In the early nineties, a plethora of side-scrolling brawlers hit both the arcade and home-console scene. Complete with a gritty atmosphere, awesome soundtracks and excellent balance, one franchise stood toe to toe with the best. 26 years later can Streets of Rage 4 still brawl with the ‘big boys’?
Coming to us from DotEmu and Lizardcube, with some assistance from Guard Crush, Streets of Rage 4 has some pretty big boots to fill — fans have been looking to Sega for a true sequel for almost three decades. It’s good then that Sega chose to trust the franchise with a group that has already proven that they not only understand the original games but also what really attached fans to the Street of Rage series in the first place. Coming fresh off the nostalgic high that was Wonder Boy III: The Dragon’s Trap, LizardCube have not only delivered an addition to the series; but one the fans will look back on extremely fondly as a standout entry.
From the moment the title screen pops to the second you enter the first stage, it’s immediately recognisable as Streets of Rage. The streets themselves have had a lick of paint in the graphics department, with updated high-resolution artwork and animation for everything, gone are the pixelated 16bit enemies of earlier iterations. The animations are butter smooth and the added idle animations breathe more life into the characters than you first realise. The lighting also now bounces off characters and is specific to the source so if you are drenched in neon expect to glow.
It’s a great touch from the developers that some of that classic nostalgia still shines through in many instances, such as the Apple or Star pickups. You have the opportunity to play as the legacy character versions (crackly voices and all) as well as fight some familiar faces in their original designs and levels if you search hard enough. Standing in the first level outside the Pine Pot from the first game with the retro soundtrack enabled brings back floods of memories of couch co-op with friends.
If it isn’t broken then don’t fix it. Rather than try to update the series too much with complex special attacks and too many context (or directionally) sensitive attack inputs, Street of Rage 4 adds a few new attacks to each character’s repertoire. The special and secret inputs introduced in Streets of Rage 2 (Grand Upper!) come as standard but have been bolstered by an air-based special to increase your offensive capability.
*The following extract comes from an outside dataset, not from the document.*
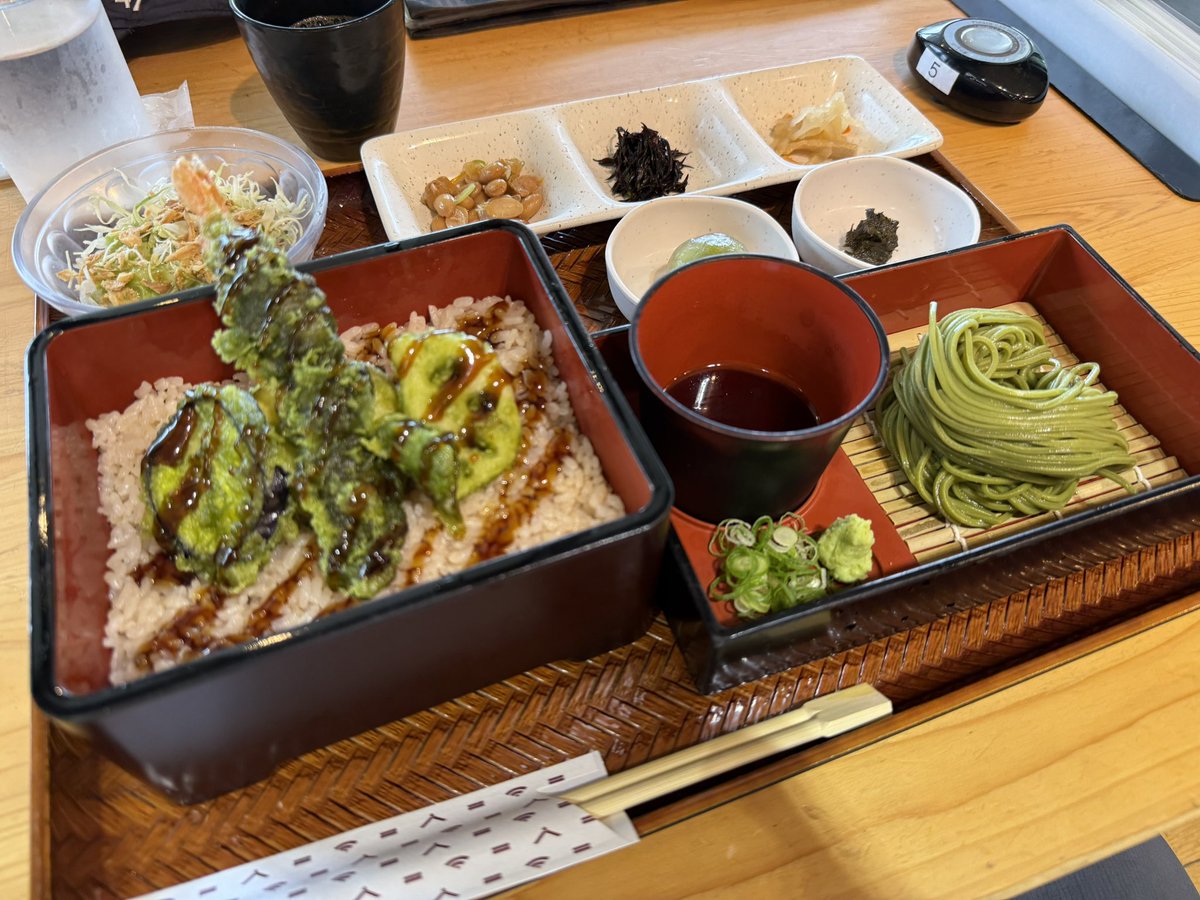 tie2's tweet photo. 並んだけど、おひとり様席があったので早かった。
茶飯に天麩羅まで茶コーティング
Although some animations have changed and some moves act slightly differently, the bare bones have stayed intact; especially for series stalwarts Axel Stone and Blaze Fielding.
The new characters — in Cherry Hunter and Floyd Iraia — each have their own strengths and weaknesses but it’s good to see that none of the balance is lost. If you have power you are likely not gonna be fast (and vice versa) but match the right characters together and you can compensate for something the other lacks. New enemies add a certain flair you love to hate (Dylan) but none of the charms of the original enemies are lacking (Donovan’s Uppercut included). The new boss enemies have some great designs and add a lot to the game.
The story continues on from Street of Rage 3. Faces both familiar and new make their entrance throughout its 60–90-minute playtime (on Normal). This entry does depart from the classic credit-based gameplay of lives and continues and opts instead for a stock of lives that are replenished at the end of a level. Get defeated however and you have to restart that level. You do have some opportunity to earn more lives by hitting predetermined scores, but that relies on your ability to not only defeat your adversaries but chain attacks into combos stylishly.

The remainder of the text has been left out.